いずれもの切実な心境は察しられたものの、本来「薬剤師」という同じ土台の上に立っているはずの両者が、いずれもエゴイスティックな思惑のみから論議されている事に加えて同職種とは思えない方向性のギャップに、まだ学生の分際でありながら、将来の自らの職能に対して強い不安感と不快感を感じたことを覚えています。

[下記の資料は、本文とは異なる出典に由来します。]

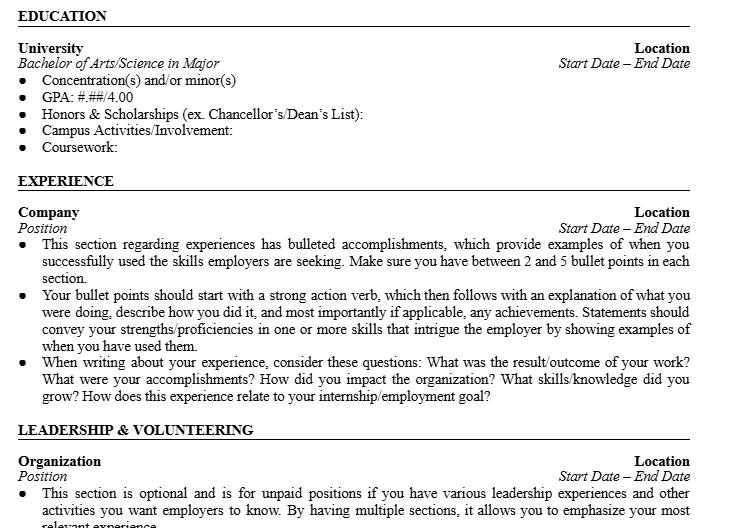 Federal Resume Template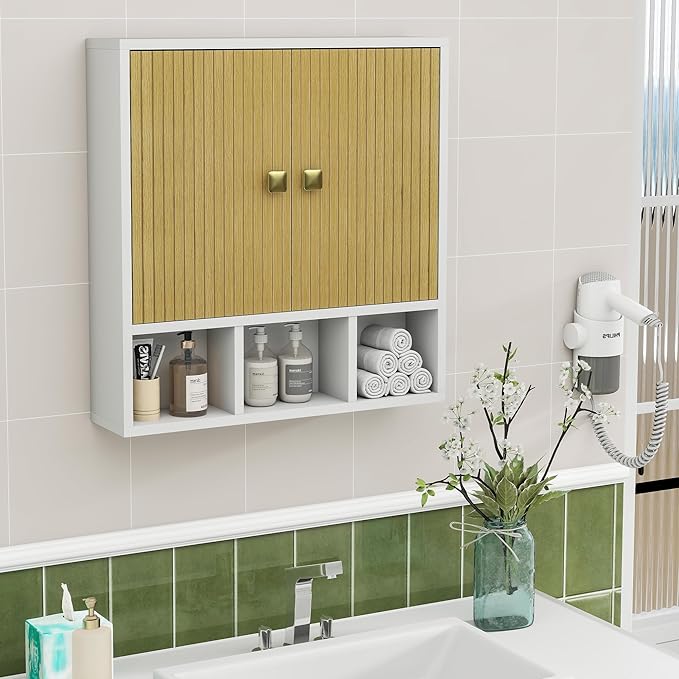 Bathroom Wall Cabinet,Wooden Medicine Cabinet with Fluted Doors Over The Toilet Storage Cabinet with Adjustable Shelf for Bat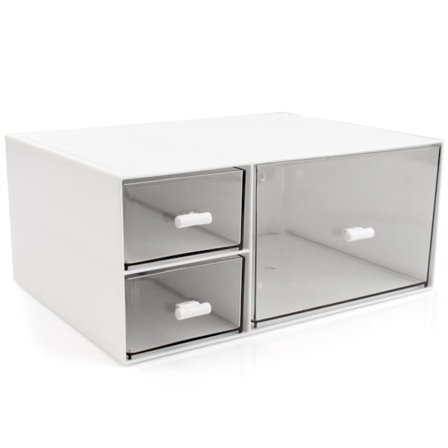 3-lags stabelbar skrivebordsorganisator, hvide plastikskuffer med flere rum til kontorartikler, makeup og badeværelsesorganisering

しかし紆余曲折はあったものの、6年制教育が開始されて10年近くが経ち、「医薬分業」の急速な進展、それに伴う大学教育自体が臨床重視に移行しつつある中で、構造的にはこの両者は1つの同じ方向性を向いているものであると信じていました。・・・ところがどっこい、社会はそんなすんなりとはよくなっていくものではないというのは世の常です。今の5年生の実習はどのようなカリキュラムで行われているか、というと次のような形です。学生は5年生になるとそれぞれ自らの得意な分野の教室への配属がなされます。そしてそれは例えば合成系の教室であれば個々にその教室のテーマが与えられ、テーマに沿った研究に取り組みはじめます。しかしその一方で5年生の1年間をⅢ期に分け、そのうちのⅡ期計22週間を実務実習に駆り出されます。従って教室の研究はその間ストップになります。せっかく少しづつ研究の内容を覚えてきたところで、ドカッと穴が開いてしまうことになるのです。教室の先生にしてみれば、こんな迷惑なことはないでしょう。それはたとえ臨床系の教室であっても同じように思っていると思います。先日私の大学院の母校の冊子が送られてきて4年制の学生の進路を見るとほぼ100%が「進学」となっていました。要するに、かつて「薬剤師」には興味がなく、創薬の分野を目指した人種はそのまま4年制教育に引き継がれている事が伺えました。そして純粋に「薬剤師」を目指した人種はこれまでどおり中途半端な「研究者教育」と「薬剤師教育」が受け継がれていく事になった、ということでしょうか?・・・要するに6年制教育の根幹の1つと考えられた、「薬学部2面生の解消」ということは、完全に失敗に終わっている!と判断せざるを得ないのではないでしょうか?